:: EXERCISE GOAL ::
I need the lines below from the one with "Image result for Dental" down to the one with "Before & After Breast" reproduced exactly, both ends included, and nothing else.

:: Caption-style text data ::
------
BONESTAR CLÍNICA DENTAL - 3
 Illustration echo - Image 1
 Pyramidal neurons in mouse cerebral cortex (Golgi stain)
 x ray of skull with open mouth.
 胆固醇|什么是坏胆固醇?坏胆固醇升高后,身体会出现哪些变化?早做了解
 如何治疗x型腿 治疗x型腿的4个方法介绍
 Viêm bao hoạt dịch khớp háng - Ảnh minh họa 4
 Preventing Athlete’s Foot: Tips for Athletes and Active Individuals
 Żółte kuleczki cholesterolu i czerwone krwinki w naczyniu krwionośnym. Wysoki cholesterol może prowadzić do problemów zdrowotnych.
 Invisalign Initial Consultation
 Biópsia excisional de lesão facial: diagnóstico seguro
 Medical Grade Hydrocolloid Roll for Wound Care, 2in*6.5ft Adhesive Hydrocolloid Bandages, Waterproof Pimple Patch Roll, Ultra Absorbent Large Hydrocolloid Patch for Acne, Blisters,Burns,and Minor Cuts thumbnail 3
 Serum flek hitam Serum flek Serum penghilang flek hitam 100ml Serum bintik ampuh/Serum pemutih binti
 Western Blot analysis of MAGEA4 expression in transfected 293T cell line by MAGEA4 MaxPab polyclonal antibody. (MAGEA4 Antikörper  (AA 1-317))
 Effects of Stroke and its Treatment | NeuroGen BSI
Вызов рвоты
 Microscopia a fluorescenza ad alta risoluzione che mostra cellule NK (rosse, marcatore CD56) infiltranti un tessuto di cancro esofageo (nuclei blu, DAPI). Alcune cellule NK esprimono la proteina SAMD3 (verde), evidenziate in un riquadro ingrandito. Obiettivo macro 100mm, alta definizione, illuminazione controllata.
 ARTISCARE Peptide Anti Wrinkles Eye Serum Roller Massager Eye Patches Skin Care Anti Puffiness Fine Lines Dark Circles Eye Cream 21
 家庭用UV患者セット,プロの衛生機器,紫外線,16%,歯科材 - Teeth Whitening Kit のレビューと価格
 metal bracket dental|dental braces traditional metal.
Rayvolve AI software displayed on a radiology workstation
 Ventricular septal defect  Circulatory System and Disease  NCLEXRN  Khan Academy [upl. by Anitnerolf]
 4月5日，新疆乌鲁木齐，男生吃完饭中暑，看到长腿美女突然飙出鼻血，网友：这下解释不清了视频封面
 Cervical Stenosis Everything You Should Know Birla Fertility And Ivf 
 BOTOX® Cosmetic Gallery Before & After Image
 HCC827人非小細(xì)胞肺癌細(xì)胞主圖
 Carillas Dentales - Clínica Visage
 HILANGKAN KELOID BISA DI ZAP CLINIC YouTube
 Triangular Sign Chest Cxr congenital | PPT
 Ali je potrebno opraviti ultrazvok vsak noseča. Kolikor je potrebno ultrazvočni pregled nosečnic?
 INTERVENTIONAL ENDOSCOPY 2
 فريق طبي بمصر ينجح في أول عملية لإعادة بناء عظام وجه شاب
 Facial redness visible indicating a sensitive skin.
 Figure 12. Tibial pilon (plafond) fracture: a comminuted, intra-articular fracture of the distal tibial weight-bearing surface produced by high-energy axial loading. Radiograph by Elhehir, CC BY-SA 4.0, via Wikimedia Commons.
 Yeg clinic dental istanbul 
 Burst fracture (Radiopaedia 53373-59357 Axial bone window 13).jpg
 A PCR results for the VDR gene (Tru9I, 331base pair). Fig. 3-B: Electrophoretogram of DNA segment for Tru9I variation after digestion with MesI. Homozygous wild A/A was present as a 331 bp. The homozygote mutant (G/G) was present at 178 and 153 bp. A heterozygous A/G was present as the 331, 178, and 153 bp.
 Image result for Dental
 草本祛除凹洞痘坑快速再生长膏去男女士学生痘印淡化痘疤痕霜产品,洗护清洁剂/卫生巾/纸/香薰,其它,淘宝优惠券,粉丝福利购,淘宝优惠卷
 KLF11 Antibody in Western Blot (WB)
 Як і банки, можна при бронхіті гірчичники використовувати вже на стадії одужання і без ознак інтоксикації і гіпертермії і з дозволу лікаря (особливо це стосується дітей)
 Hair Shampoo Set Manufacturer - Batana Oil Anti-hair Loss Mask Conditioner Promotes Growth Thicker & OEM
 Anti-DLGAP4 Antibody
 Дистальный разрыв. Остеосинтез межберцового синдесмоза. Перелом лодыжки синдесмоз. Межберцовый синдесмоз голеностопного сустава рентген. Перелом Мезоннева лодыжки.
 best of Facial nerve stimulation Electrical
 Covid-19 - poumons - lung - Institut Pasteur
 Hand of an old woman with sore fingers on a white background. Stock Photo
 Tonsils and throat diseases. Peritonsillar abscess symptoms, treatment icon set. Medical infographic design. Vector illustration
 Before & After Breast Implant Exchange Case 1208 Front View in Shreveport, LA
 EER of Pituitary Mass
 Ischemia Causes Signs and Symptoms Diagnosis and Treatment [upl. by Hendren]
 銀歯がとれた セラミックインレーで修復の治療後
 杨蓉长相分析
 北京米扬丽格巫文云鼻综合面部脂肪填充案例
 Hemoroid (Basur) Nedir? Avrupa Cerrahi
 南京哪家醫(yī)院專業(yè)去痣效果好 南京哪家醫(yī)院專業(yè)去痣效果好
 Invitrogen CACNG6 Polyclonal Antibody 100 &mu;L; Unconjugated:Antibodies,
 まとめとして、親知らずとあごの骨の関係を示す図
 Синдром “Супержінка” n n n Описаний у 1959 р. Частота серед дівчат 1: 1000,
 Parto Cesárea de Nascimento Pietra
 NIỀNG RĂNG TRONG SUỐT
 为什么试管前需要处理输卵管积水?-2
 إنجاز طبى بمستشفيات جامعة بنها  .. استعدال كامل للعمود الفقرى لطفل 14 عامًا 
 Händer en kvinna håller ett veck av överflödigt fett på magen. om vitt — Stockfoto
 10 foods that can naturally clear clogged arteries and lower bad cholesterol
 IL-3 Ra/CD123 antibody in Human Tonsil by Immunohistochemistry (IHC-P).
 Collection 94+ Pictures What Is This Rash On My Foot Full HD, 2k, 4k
------
:: YOUR RESPONSE ::
 Image result for Dental
 草本祛除凹洞痘坑快速再生长膏去男女士学生痘印淡化痘疤痕霜产品,洗护清洁剂/卫生巾/纸/香薰,其它,淘宝优惠券,粉丝福利购,淘宝优惠卷
 KLF11 Antibody in Western Blot (WB)
 Як і банки, можна при бронхіті гірчичники використовувати вже на стадії одужання і без ознак інтоксикації і гіпертермії і з дозволу лікаря (особливо це стосується дітей)
 Hair Shampoo Set Manufacturer - Batana Oil Anti-hair Loss Mask Conditioner Promotes Growth Thicker & OEM
 Anti-DLGAP4 Antibody
 Дистальный разрыв. Остеосинтез межберцового синдесмоза. Перелом лодыжки синдесмоз. Межберцовый синдесмоз голеностопного сустава рентген. Перелом Мезоннева лодыжки.
 best of Facial nerve stimulation Electrical
 Covid-19 - poumons - lung - Institut Pasteur
 Hand of an old woman with sore fingers on a white background. Stock Photo
 Tonsils and throat diseases. Peritonsillar abscess symptoms, treatment icon set. Medical infographic design. Vector illustration
 Before & After Breast Implant Exchange Case 1208 Front View in Shreveport, LA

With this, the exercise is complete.